Société Lorraine services [Amende fiscale contre les tiers déclarants II]
Non lieu à statuer

LE CONSEIL CONSTITUTIONNEL A ÉTÉ SAISI le 28 avril 2022 par le Conseil d'État (décision n° 458429 du 25 avril 2022), dans les conditions prévues à l'article 61-1 de la Constitution, d'une question prioritaire de constitutionnalité. Cette question a été posée pour la société Lorraine services par la SCP Piwnica et Molinié, avocat au Conseil d'État et à la Cour de cassation.
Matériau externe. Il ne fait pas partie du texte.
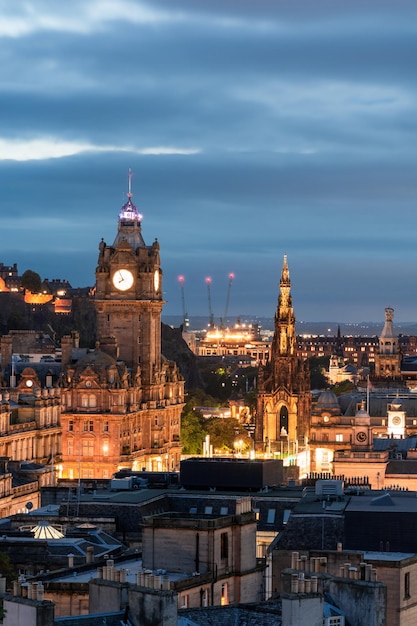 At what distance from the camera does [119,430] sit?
194 meters

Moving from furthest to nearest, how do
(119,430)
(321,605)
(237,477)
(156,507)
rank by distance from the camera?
(119,430) < (237,477) < (156,507) < (321,605)

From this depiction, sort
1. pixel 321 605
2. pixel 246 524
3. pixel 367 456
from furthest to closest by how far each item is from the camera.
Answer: pixel 367 456, pixel 246 524, pixel 321 605

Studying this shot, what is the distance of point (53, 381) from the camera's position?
198 m

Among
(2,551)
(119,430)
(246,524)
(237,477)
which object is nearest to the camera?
(246,524)

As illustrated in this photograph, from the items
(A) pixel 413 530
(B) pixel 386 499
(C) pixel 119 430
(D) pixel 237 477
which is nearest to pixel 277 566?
(A) pixel 413 530

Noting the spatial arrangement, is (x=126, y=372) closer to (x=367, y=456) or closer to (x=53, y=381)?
(x=53, y=381)

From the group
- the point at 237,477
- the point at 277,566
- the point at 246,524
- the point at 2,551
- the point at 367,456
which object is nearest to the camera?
the point at 246,524

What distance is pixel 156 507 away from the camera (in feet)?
332

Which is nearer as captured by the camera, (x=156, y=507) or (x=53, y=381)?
(x=156, y=507)

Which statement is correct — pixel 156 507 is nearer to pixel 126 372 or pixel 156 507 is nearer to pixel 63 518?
pixel 63 518

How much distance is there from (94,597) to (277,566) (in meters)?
21.6

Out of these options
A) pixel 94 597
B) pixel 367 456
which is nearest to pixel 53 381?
pixel 367 456

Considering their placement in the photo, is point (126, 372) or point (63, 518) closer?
point (63, 518)

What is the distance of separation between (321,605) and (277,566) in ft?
78.1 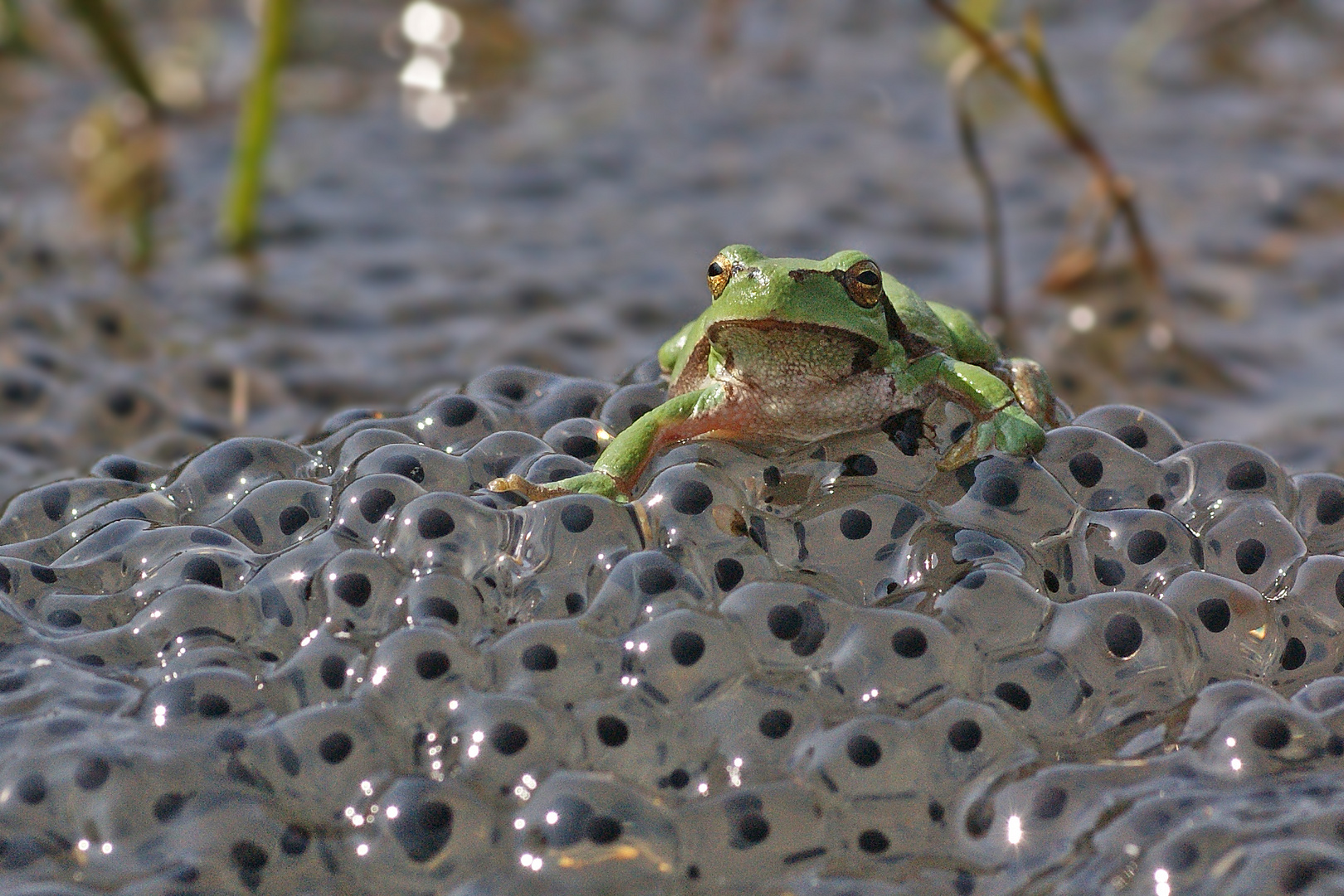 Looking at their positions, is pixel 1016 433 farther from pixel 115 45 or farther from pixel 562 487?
pixel 115 45

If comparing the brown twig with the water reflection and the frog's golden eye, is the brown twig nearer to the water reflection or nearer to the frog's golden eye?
the frog's golden eye

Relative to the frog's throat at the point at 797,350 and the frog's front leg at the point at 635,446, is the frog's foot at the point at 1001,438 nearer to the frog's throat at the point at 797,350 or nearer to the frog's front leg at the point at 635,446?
the frog's throat at the point at 797,350

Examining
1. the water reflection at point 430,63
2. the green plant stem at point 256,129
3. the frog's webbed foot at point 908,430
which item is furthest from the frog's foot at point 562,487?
the water reflection at point 430,63

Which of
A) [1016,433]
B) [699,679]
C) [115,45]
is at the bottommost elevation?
[699,679]

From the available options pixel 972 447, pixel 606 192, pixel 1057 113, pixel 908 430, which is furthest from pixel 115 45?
pixel 972 447

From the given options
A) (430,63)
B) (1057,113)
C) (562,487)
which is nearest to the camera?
(562,487)

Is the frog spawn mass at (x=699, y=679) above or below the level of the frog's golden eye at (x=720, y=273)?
below

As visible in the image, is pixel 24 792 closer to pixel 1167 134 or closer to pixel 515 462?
pixel 515 462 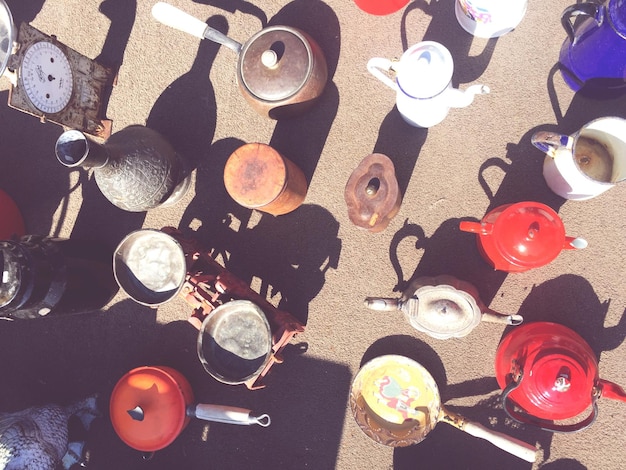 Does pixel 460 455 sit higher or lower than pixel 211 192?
lower

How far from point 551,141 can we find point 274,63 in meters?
1.05

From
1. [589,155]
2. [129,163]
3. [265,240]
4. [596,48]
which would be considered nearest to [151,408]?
[265,240]

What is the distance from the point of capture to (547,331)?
1727 millimetres

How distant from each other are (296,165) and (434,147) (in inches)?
24.3

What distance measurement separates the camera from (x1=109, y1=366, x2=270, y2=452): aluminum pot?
1.87 meters

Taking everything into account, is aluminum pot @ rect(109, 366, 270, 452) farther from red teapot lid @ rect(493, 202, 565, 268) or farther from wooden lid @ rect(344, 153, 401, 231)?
red teapot lid @ rect(493, 202, 565, 268)

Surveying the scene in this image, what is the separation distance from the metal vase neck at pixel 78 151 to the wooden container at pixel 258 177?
0.47m

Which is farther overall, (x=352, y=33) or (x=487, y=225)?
(x=352, y=33)

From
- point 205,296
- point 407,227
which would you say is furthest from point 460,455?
point 205,296

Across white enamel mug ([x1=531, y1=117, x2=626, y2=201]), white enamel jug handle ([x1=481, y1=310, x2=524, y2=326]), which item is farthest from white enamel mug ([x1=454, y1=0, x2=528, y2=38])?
white enamel jug handle ([x1=481, y1=310, x2=524, y2=326])

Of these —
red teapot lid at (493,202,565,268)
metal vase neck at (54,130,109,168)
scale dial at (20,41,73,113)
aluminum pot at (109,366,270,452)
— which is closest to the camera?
red teapot lid at (493,202,565,268)

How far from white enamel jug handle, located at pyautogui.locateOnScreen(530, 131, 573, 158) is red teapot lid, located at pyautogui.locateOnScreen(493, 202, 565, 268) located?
229 millimetres

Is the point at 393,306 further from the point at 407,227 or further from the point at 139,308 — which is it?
the point at 139,308

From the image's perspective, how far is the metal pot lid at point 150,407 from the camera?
1.87m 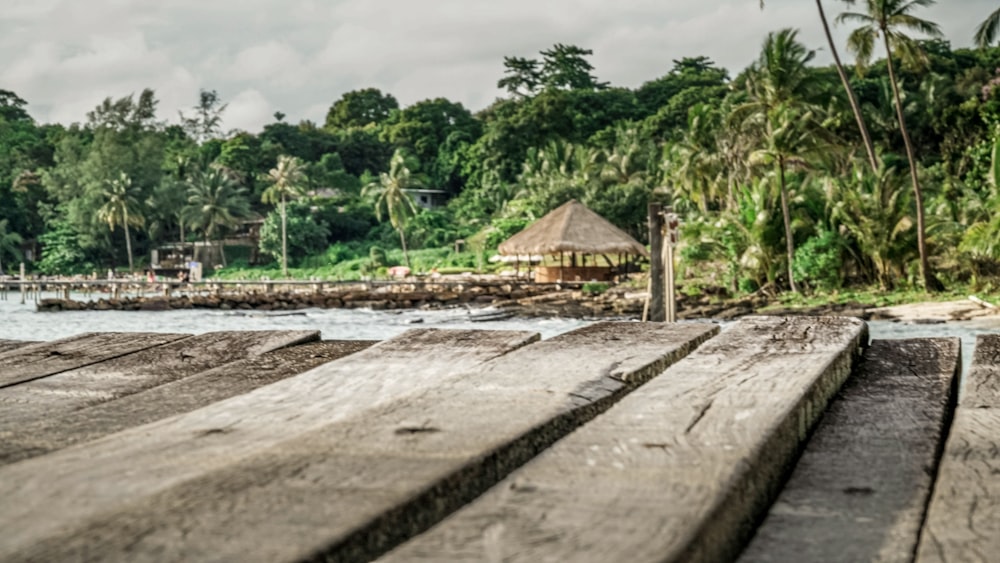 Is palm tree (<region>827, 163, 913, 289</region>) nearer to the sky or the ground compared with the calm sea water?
nearer to the sky

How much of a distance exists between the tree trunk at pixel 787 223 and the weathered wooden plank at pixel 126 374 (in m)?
22.9

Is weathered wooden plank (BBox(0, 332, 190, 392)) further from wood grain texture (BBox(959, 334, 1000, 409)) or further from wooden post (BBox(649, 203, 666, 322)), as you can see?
wooden post (BBox(649, 203, 666, 322))

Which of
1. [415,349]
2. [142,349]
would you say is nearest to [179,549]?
[415,349]

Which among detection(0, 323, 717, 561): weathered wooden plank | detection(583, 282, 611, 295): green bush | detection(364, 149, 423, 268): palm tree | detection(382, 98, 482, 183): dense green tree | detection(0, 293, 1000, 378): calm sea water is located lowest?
detection(0, 293, 1000, 378): calm sea water

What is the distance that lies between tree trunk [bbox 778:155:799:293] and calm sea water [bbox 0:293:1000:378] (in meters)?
2.94

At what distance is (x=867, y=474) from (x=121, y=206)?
56.9 metres

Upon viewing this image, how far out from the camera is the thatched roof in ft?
115

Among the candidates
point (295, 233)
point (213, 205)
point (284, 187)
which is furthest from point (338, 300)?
point (213, 205)

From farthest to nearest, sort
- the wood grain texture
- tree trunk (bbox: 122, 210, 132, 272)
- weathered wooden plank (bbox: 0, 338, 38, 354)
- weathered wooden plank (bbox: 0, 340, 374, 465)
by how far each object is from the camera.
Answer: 1. tree trunk (bbox: 122, 210, 132, 272)
2. weathered wooden plank (bbox: 0, 338, 38, 354)
3. the wood grain texture
4. weathered wooden plank (bbox: 0, 340, 374, 465)

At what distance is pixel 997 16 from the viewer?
71.2 feet

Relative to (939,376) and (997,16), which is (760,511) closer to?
(939,376)

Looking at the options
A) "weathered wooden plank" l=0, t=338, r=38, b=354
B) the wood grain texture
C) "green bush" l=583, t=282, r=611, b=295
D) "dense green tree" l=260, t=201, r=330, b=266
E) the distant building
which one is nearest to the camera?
the wood grain texture

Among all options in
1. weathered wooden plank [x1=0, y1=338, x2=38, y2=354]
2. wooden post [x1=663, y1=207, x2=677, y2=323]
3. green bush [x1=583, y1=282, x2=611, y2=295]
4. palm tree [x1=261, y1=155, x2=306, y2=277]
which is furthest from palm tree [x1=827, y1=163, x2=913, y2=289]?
palm tree [x1=261, y1=155, x2=306, y2=277]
Elle a été enregistrée au secrétariat général du Conseil constitutionnel sous le n° 2022-1001 QPC. Elle est relative à la conformité aux droits et libertés que la Constitution garantit du 1 du paragraphe I de l'article 1736 du code général des impôts, dans sa rédaction résultant de la loi n° 2005-1720 du 30 décembre 2005 de finances rectificative pour 2005.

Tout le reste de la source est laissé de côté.